In both acquisition scenarios, no one cares if you did two triples out of the gate. In fact, they often prefer you did not, as that implies you may have raised a ton of capital, which will force them to increase their bid prices to get all of your preferred investors on board.
So if not T2D3 – then what?
So, as a founder who started their businesses because they couldn't imagine doing anything else and who couldn't stomach their product not existing, ask yourself the following:
Is this T2D3 model right for you? If you have a tiger by the tail and there is real market pull for your product, your sales efficiency and retention metrics are top-notch, and it feels easier to go for those first two triples than not, then, by all means – go for it. But if not, is this the way you should measure your achievements so early in your journey? Is this the way you want to spend your hard-earned investment dollars? Is this pressure worth it?
An analogy to consider: is T2D3 any different, especially for first-time founders, than asking someone to run 6 minutes miles on a treadmill forever without breaks? And while they are at it, please wear these rubber duckie shoes while someone pours oil on the treads . Run, founder, run but don't fall!
Consider, if you will – a more straightforward model – a D5 Model instead of T2D3 model with far better cash efficiency and more time and data to make the right constraint-based decisions to build a solid company foundation.
Take that time to find great product market fit and generate natural market pull. Ensure that you have high quality customers that aren’t non ICP or flighty during downturns. Build real customer love and community - one of tech companies' only real defensible moats, IMHO. Build a repeatable demand generation strategy. Develop a set of repeatable plays in sales. Nail how best to deliver customer success and drive high NRR. Feel free to set annual high-level objectives, but run your company quarterly to ensure you regularly reflect on progress and make appropriate pullback or incremental investments.
And then, once you have that stable base and start to feel actual market pull - feel free to go for even higher growth rates as you are now more comfortable with where to place your cash. Maybe, just maybe, you get to $8M in ARR on $10M in total capital raised - which is far healthier than someone who hits two triples but spent $40M to get to $18M in ARR.

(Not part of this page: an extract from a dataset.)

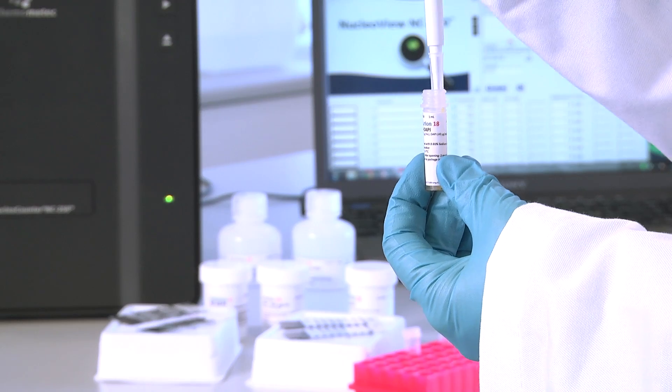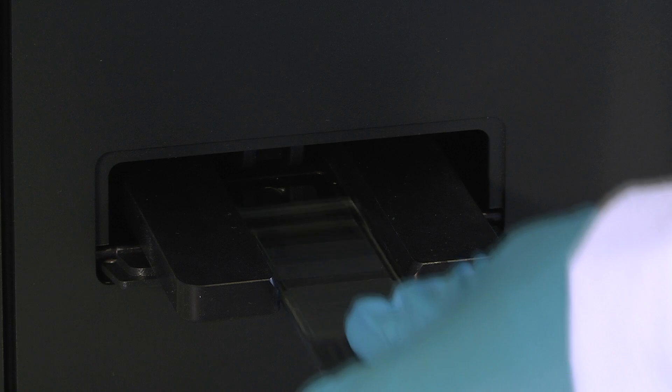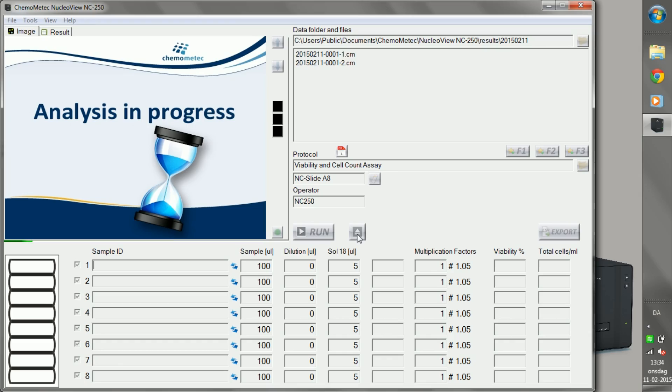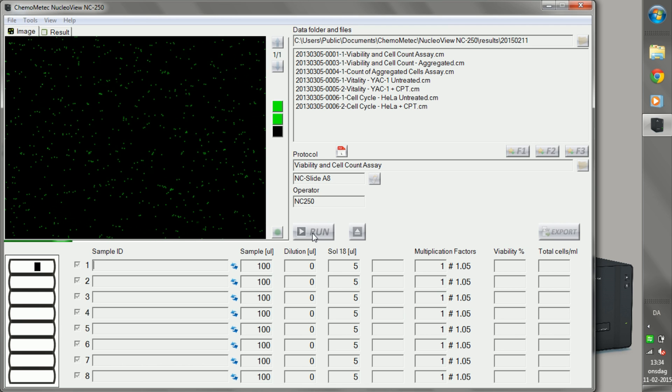Simply mix the dye solution with your cells, load the slide, insert and run. There's no maintenance, warm up, or calibration — just results every time, and fast.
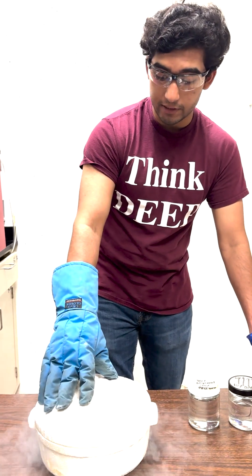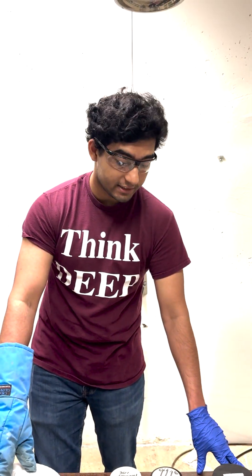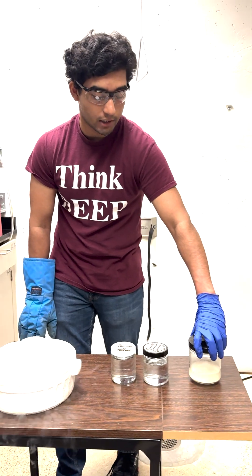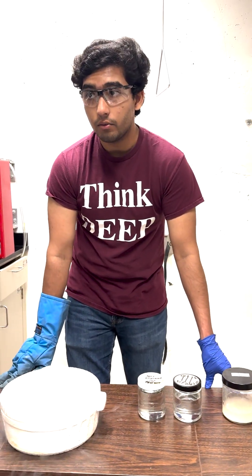Ideally, once we take these vials out, we want to see that they are pretty much the exact same as the cells seen in this container right here — the original yeast cells we grew yesterday. And in general what we want to see with cryopreservation is...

And yes, though it may not garner a Series A / B valuation as high as a business with higher growth, there are investors NOW who appreciate a more balanced approach to growth versus capital consumption. Christophe Janz of Point 9 Ventures presented at SaaStr the results of a survey that showed that YTD the average Series A recipient grew 120% (2.2x), demonstrating that it's not 3x or bust these days.
Because in the end, remember, if your company is still in business in a decade, who cares about whether you tripled or not in your first few years after you hit $2M in ARR? I don't.